Task to carry out: Range to repeat from the listing below: the line containing "5 rooms House" down to the line containing "Major Crested Grebe with Perch", both included. Copy it exactly, pictures excluded, and add nothing else.

Data provided:
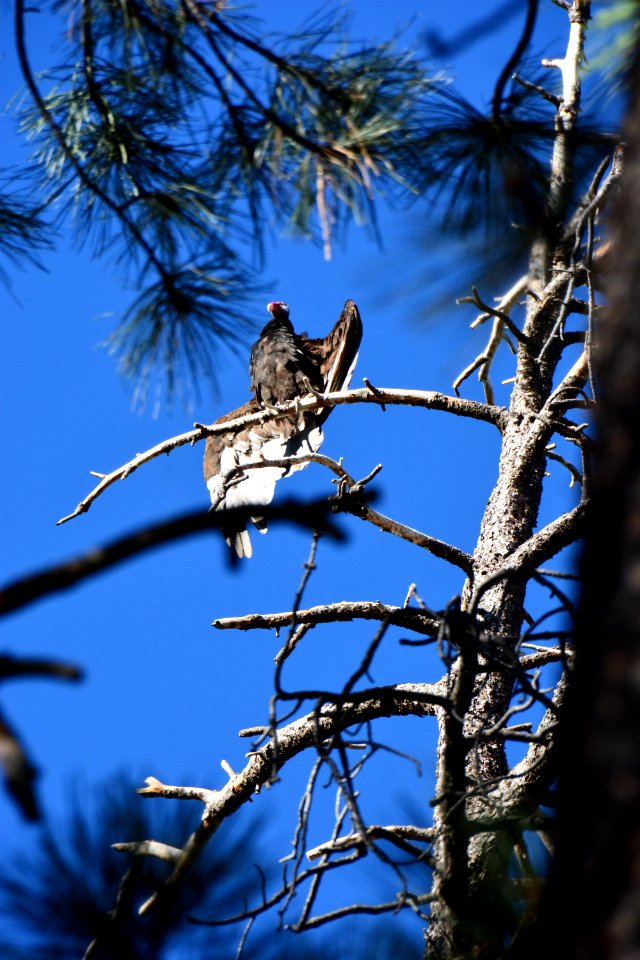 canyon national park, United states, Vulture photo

* * *

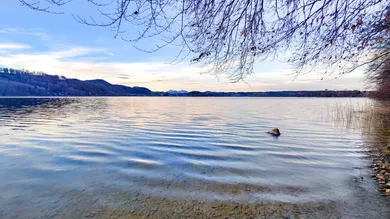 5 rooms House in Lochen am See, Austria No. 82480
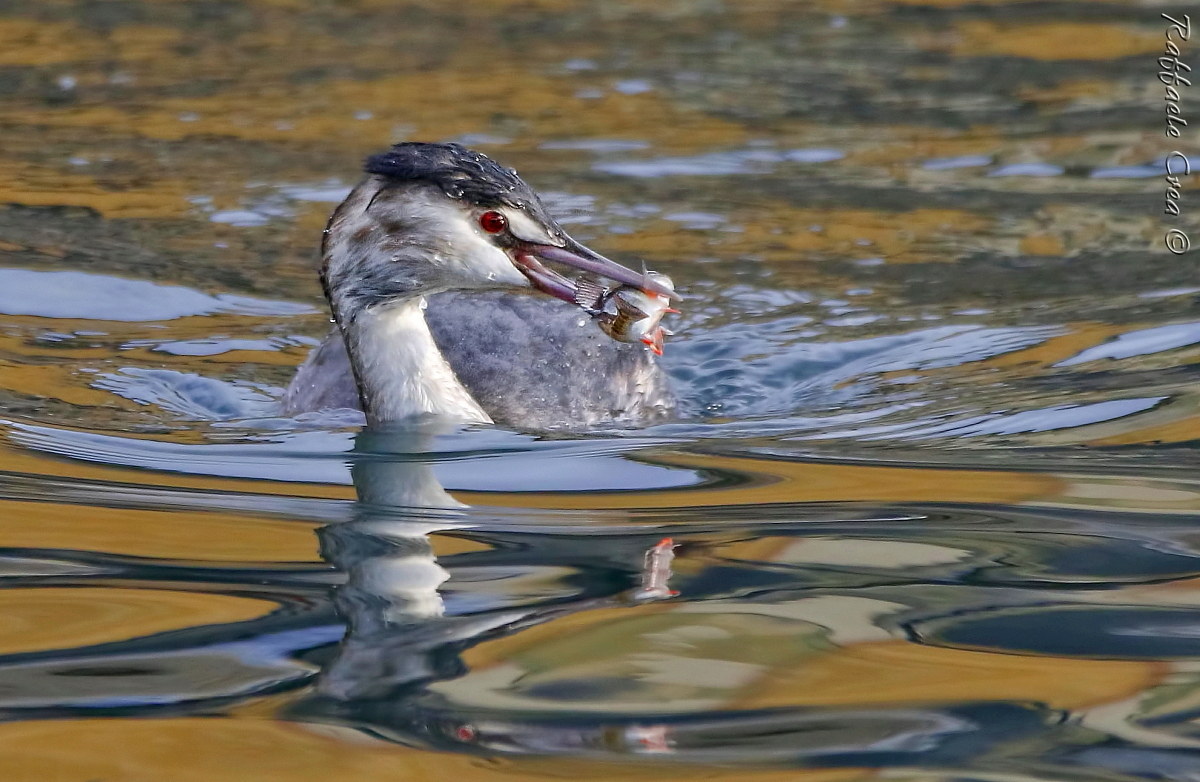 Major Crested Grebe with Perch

Answer area:
 5 rooms House in Lochen am See, Austria No. 82480
 Major Crested Grebe with Perch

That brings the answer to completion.